- [Exercise requirements]
Your answer should be the lines from the one with "Cranchi MEDITERRANEE 43 HARD TOP" to the end of the data below, both included, exact and free of pictures.

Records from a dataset
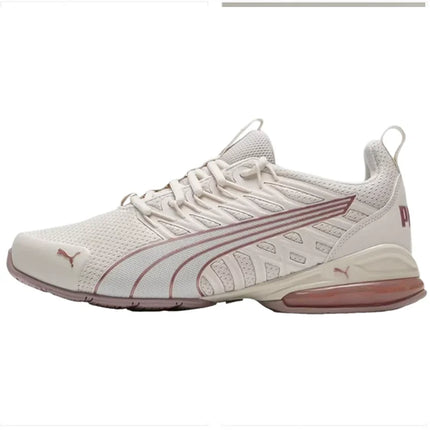 Scarpe da corsa classiche PUMA Authentic Voltaic Evo Premium bianche-rosa 311973-07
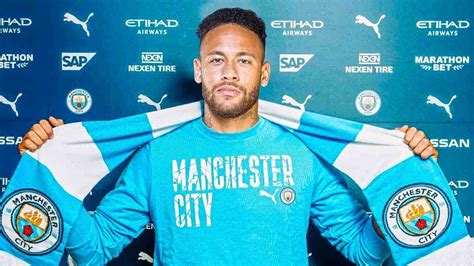 NEYMAR IN YENİ TAKIMI MANCHESTER CİTY OLABİLİR YouTube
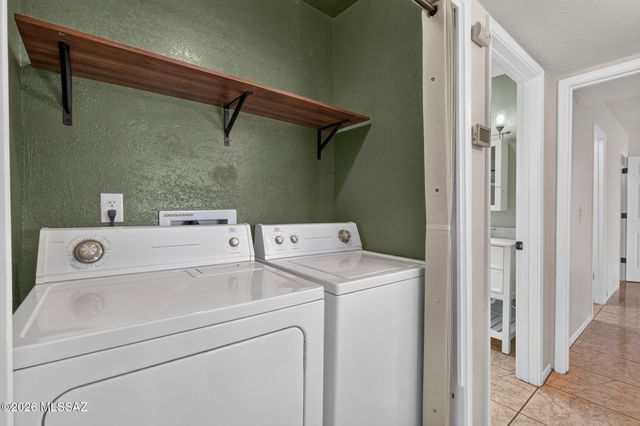 5172 N Pueblo Villas Drive, Tucson, AZ 85704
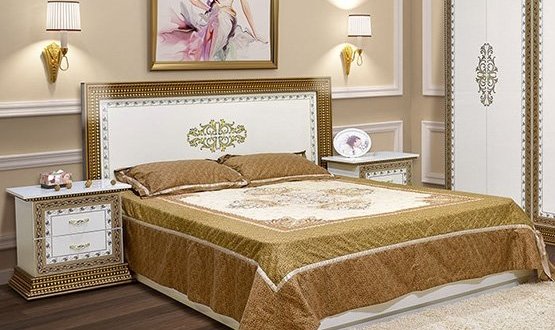 Ліжко Софія Люкс 2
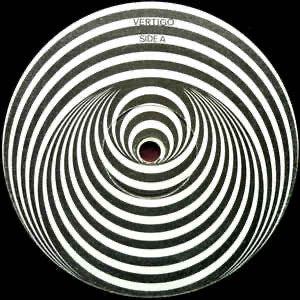 Black Sabbath - Paranoid (vertigo Pressing)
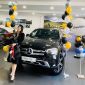 Chán Porsche, Thuỷ Top tậu Mercedes-Benz GLC 200 4Matic giá hơn 2 tỷ đồng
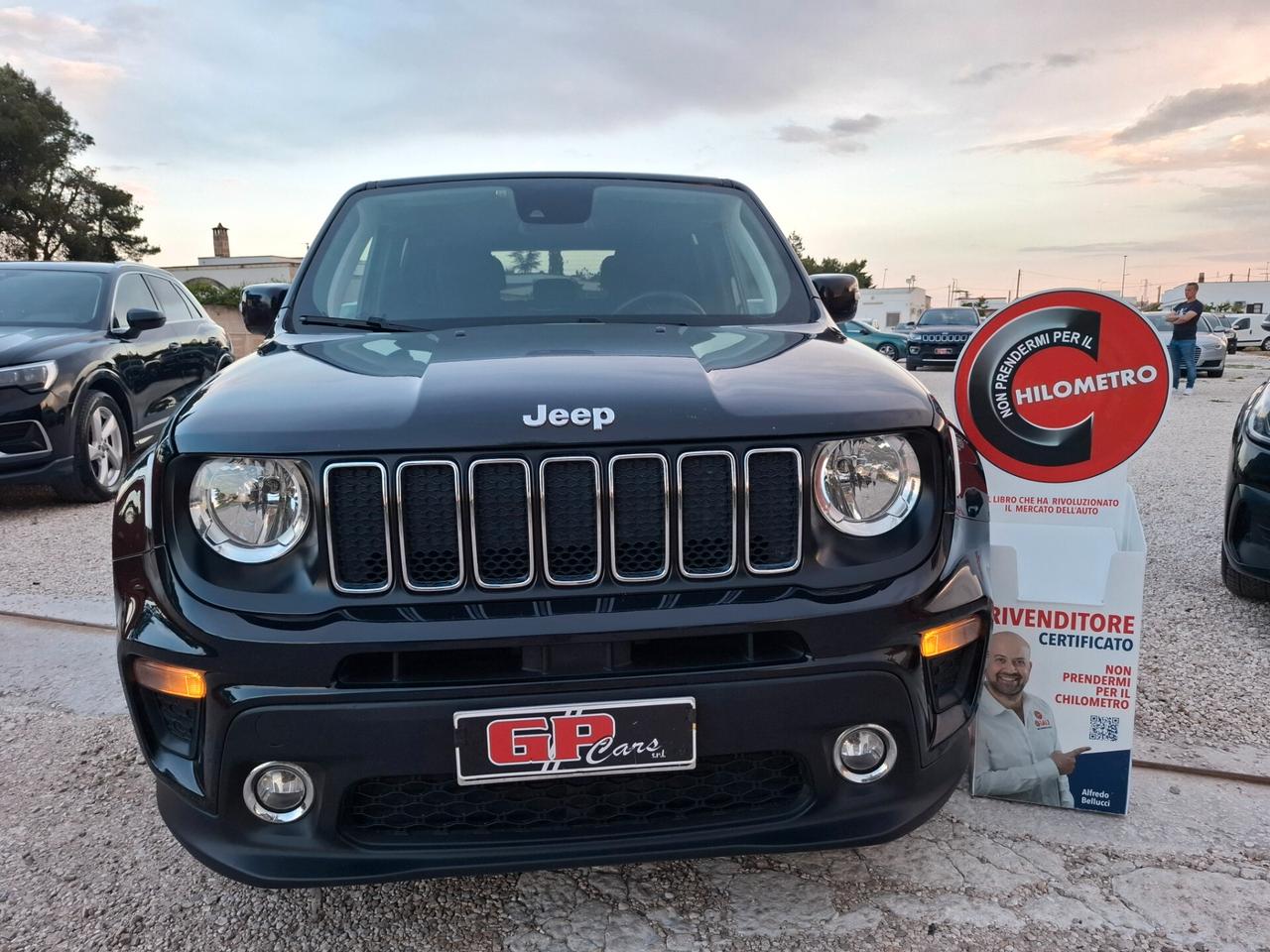 JEEP RENEGADE 1.6 Mtj 130cv-Navi-Radar*MY 22*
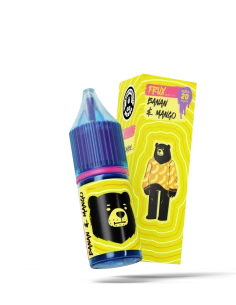 Go Bears Frux Banan Mango...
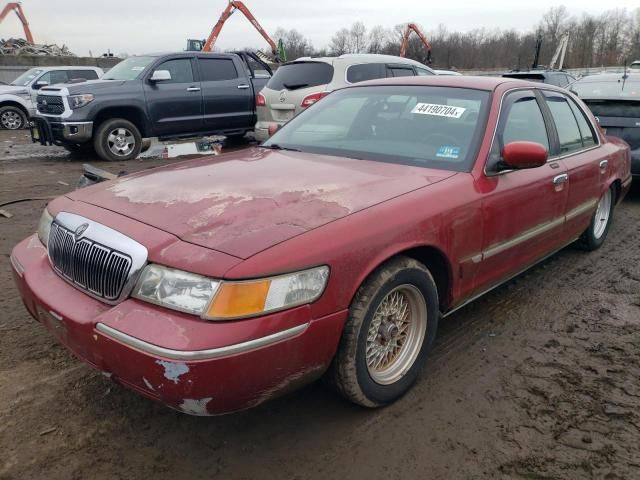 2000 Mercury Grand Marquis GS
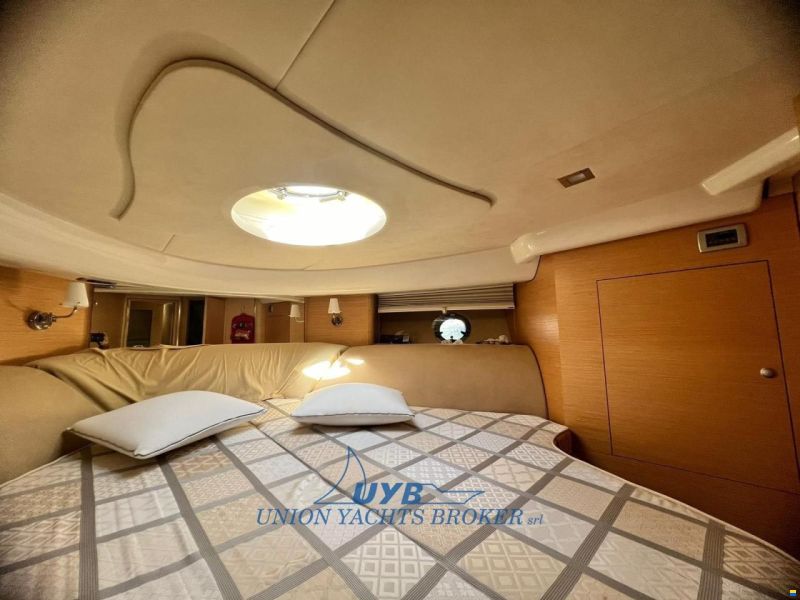 Cranchi MEDITERRANEE 43 HARD TOP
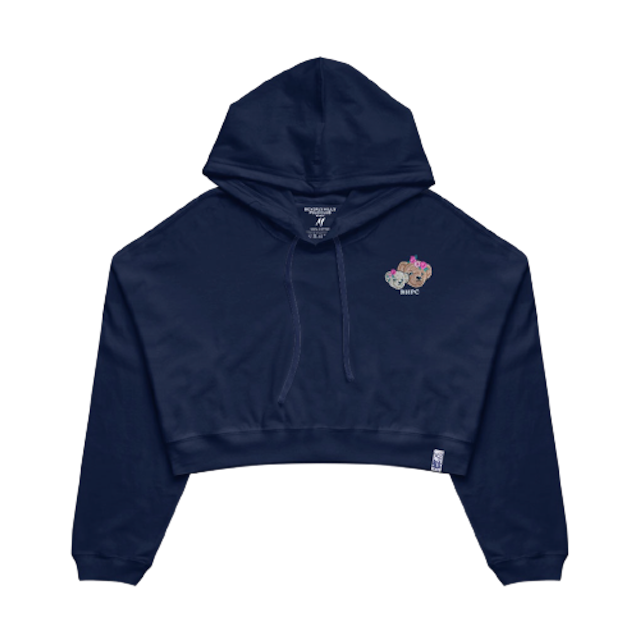 เสื้อครอป Classic Bear รุ่น LNLHB04 3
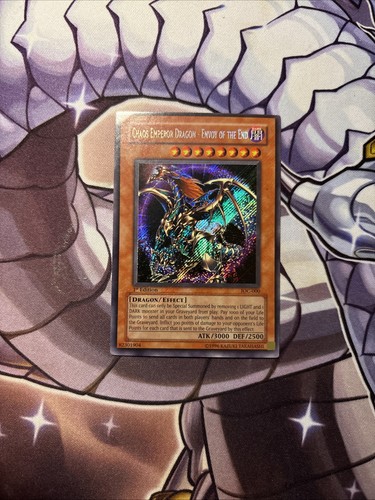 Chaos emperor dragon - yu-gi-oh!,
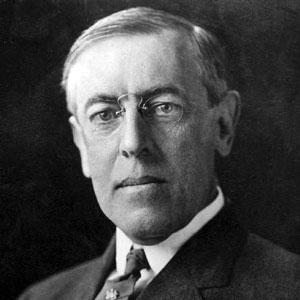 Woodrow Wilson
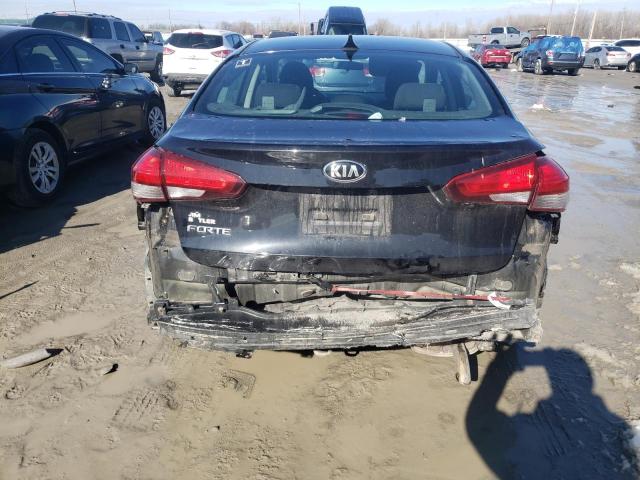 Photo 6 from auction – 2017 KIA FORTE LX with VIN 3KPFK4A72HE158026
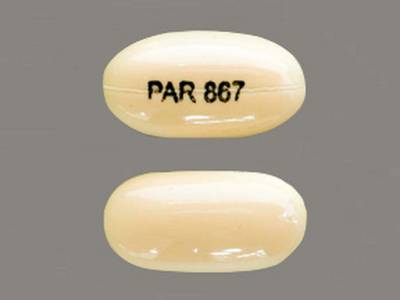 Image of Image of Dronabinol   by American Health Packaging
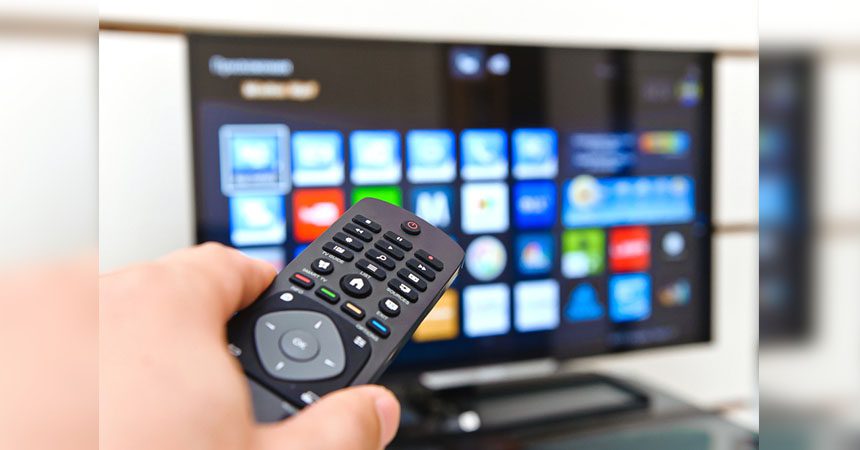 ¡CUIDADO! pueden espiarte a través de tu SMART TV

- [Completed task]
 Cranchi MEDITERRANEE 43 HARD TOP
 เสื้อครอป Classic Bear รุ่น LNLHB04 3
 Chaos emperor dragon - yu-gi-oh!,
 Woodrow Wilson
 Photo 6 from auction – 2017 KIA FORTE LX with VIN 3KPFK4A72HE158026
 Image of Image of Dronabinol   by American Health Packaging
 ¡CUIDADO! pueden espiarte a través de tu SMART TV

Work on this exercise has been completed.